Print the records below exactly, with no pictures.

▸ **Short web captions**
━━━━━━

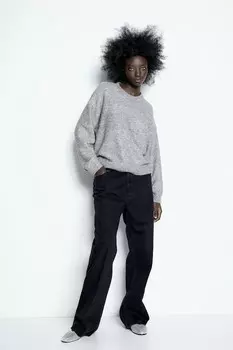 Свитер с украшениями H&M, серый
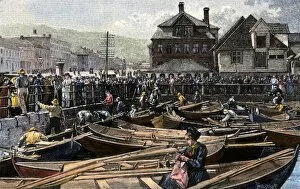 Dock Gallery: Fish market at a Norwegian port, 1880s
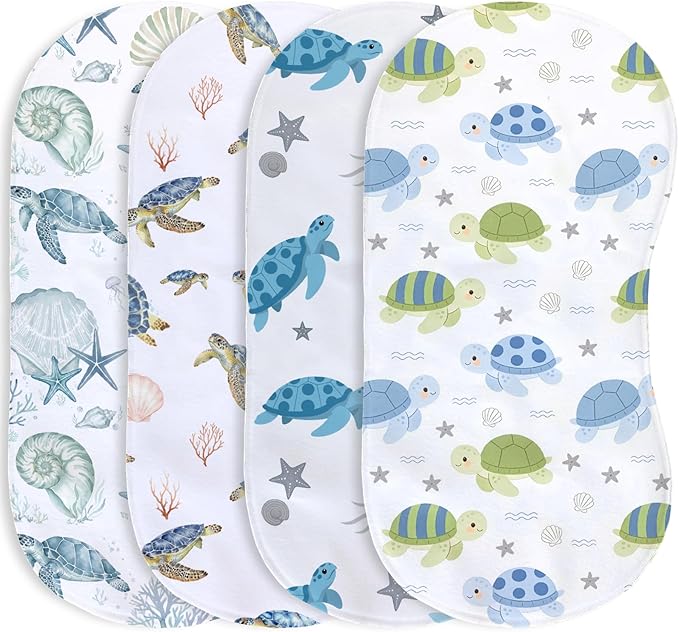 4 Pack Baby Burp Cloths for Boys Girls, Soft Cotton, Ocean Sea Turtle Theme Design, Super Absorbent Baby Burping Cloths for Newborns, Machine Washable and Reusable Baby Spit-Up Cloths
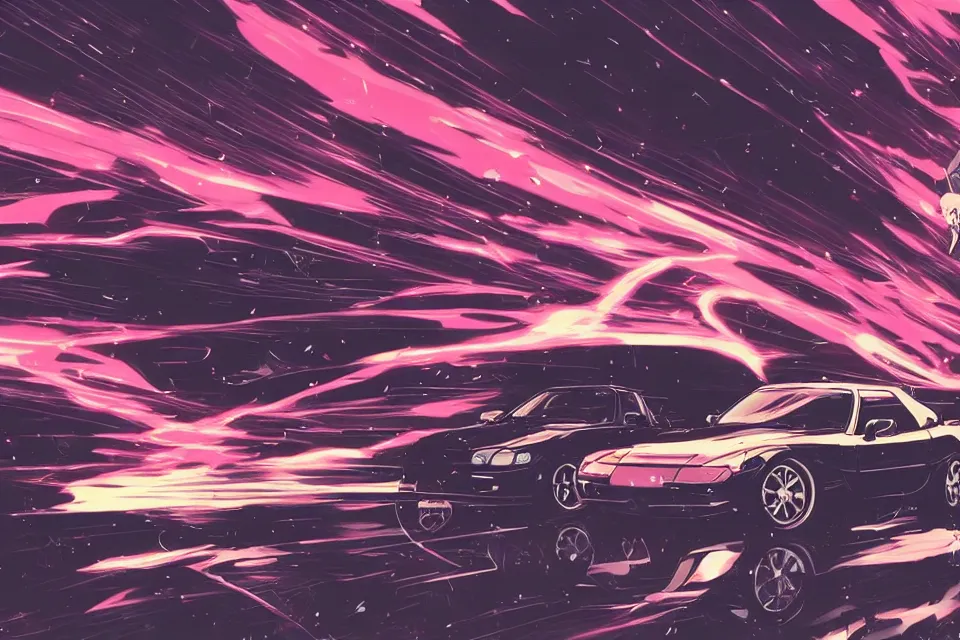 Image similar to aesthetic illustration of ryosuke takahashi with black hair, standing by his glossy mazda rx 7 on an empty highway at sunrise, cinematic lighting, initial d anime 1 0 8 0 p, detailed anime face, high detail, 9 0 s anime aesthetic, volumetric lights, rule of thirds, unreal engine 5 render, pinterest wallpaper, trending on artstation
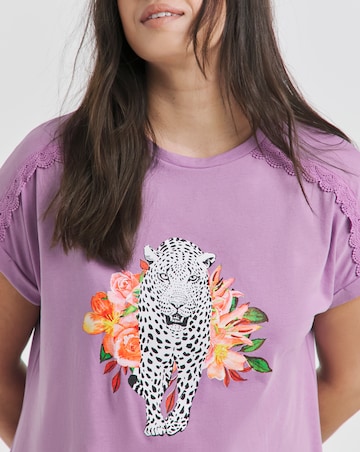 Joe Browns Placement Leopard Print Nightie Lilac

━━━━━━

▸ **Output for this task**
 Свитер с украшениями H&M, серый
 Dock Gallery: Fish market at a Norwegian port, 1880s
 4 Pack Baby Burp Cloths for Boys Girls, Soft Cotton, Ocean Sea Turtle Theme Design, Super Absorbent Baby Burping Cloths for Newborns, Machine Washable and Reusable Baby Spit-Up Cloths
 Image similar to aesthetic illustration of ryosuke takahashi with black hair, standing by his glossy mazda rx 7 on an empty highway at sunrise, cinematic lighting, initial d anime 1 0 8 0 p, detailed anime face, high detail, 9 0 s anime aesthetic, volumetric lights, rule of thirds, unreal engine 5 render, pinterest wallpaper, trending on artstation
 Joe Browns Placement Leopard Print Nightie Lilac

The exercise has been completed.